Deutsche Redaktion

Außenminister Czaputowicz: Polen wurde in diesem Prozess diskriminiert

19.08.2019 09:24
Kurz vor dem 80. Jahrestag des Beginns des Zweiten Weltkriegs hat Polen eine deutliche Benachteiligung bei den deutschen Reparationszahlungen beklagt.
Auenminister Jacek Czaputowicz
Außenminister Jacek Czaputowiczwikipedia.org/Kancelaria Premiera/Public Domain

Kurz vor dem 80. Jahrestag des Beginns des Zweiten Weltkriegs hat Polen eine deutliche Benachteiligung bei den deutschen Reparationszahlungen beklagt. Der polnische Außenminister Jacek Czaputowicz sagte in einem Interview der Deutschen Presse-Agentur, bei der Entschädigung der von Deutschland angegriffenen Länder habe es "einen Mangel an grundsätzlicher Fairness" gegeben: "Polen wurde in diesem Prozess diskriminiert."

Obwohl Polen besonders stark unter den Angreifern und Besatzern des Nazi-Regimes gelitten habe, sei der Anteil an den Entschädigungszahlungen "minimal" gewesen. "Es gibt Länder, die ein Vielfaches weniger verloren haben, aber mehr Kompensation bekommen haben. Ist das in Ordnung?", fragte Czaputowicz. "Die zentrale Frage ist, ob Polen im Vergleich zu anderen Staaten fair behandelt wurde." Ausdrücklich nannte er Frankreich und die Niederlande.

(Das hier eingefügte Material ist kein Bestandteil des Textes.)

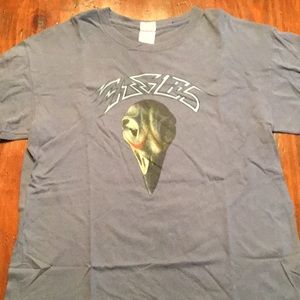 2009 Eagles Concert Shirt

Polen hatte im Zweiten Weltkrieg gemessen an der Gesamtbevölkerung so viele Tote zu beklagen wie kein anderes Land. Fünf bis sechs Millionen Polen kamen ums Leben - und damit etwa jeder Sechste. Auch der Grad der Zerstörung war vergleichsweise hoch. Die Hauptstadt Warschau wurde vor dem Rückzug der Wehrmacht fast komplett dem Erdboden gleich gemacht.

Reparationen werden nicht verjähren

Polens Beauftragter für Reparationszahlungen, Arkadiusz Mularczyk, denkt nicht daran, auf Ansprüche gegenüber Deutschland zu verzichten. Polen könne seine Entschädigungsforderungen für den Zweiten Weltkrieg „bis in alle Ewigkeit“ vorantreiben, sagte der Abgeordnete der Regierungspartei Recht und Gerechtigkeit PiS im polnischen Rundfunk.

Die Ansprüche seines Landes würden nicht verjähren, sagte Mularczyk, der in Polen einen Parlamentsausschuss leitet, der die Ansprüche gegenüber Berlin untersucht. Aus Polen waren seit 2017 wiederholt Forderungen nach Entschädigungszahlungen aus Deutschland laut geworden. Offizielle Forderungen der Warschauer Regierung gab es bisher aber nicht.

"Polen hat nie auf Reparationen von Deutschland verzichtet", meinte Mularczyk weiter. Die deutsche Regierung hatte die Forderungen Polens mit Hinweis auf einen mehrfach bestätigten polnischen Verzicht auf solche Zahlungen zurückgewiesen. Polnische Regierungsmitglieder argumentieren jedoch, eine solche Erklärung aus dem Jahr 1953 sei verfassungswidrig gewesen und nur auf Druck der Sowjetunion erfolgt.

Mularczyk kritisierte, Deutschland fühle sich moralisch verantwortlich, wolle aber nicht bezahlen. Deutschland müsse sich mit dem Thema ernsthaft auseinandersetzen. "Ansonsten zeigt es (Deutschland), dass es Polen nicht ernst nimmt."

Milliarden Euro Enschädigungen

Im August dieses Jahres haben Experten der parlamentarischen Arbeitsgruppe für Reparationen, die 2017 von der Regierungspartei PiS berufen wurde, vorläufige Berechnungen für die Verluste Polens vorgelegt. Demnach habe Polen infolge des Zweiten Weltkriegs von Seiten Deutschlands mehr als 5 Mio. polnischer Bürger verloren und die Zerstörung der Städte und Infrastruktur belaufe sich auf über 13 Mrd. Euro, von denen fast 9 Mrd. Euro allein die Hauptstadt Warschau betreffen.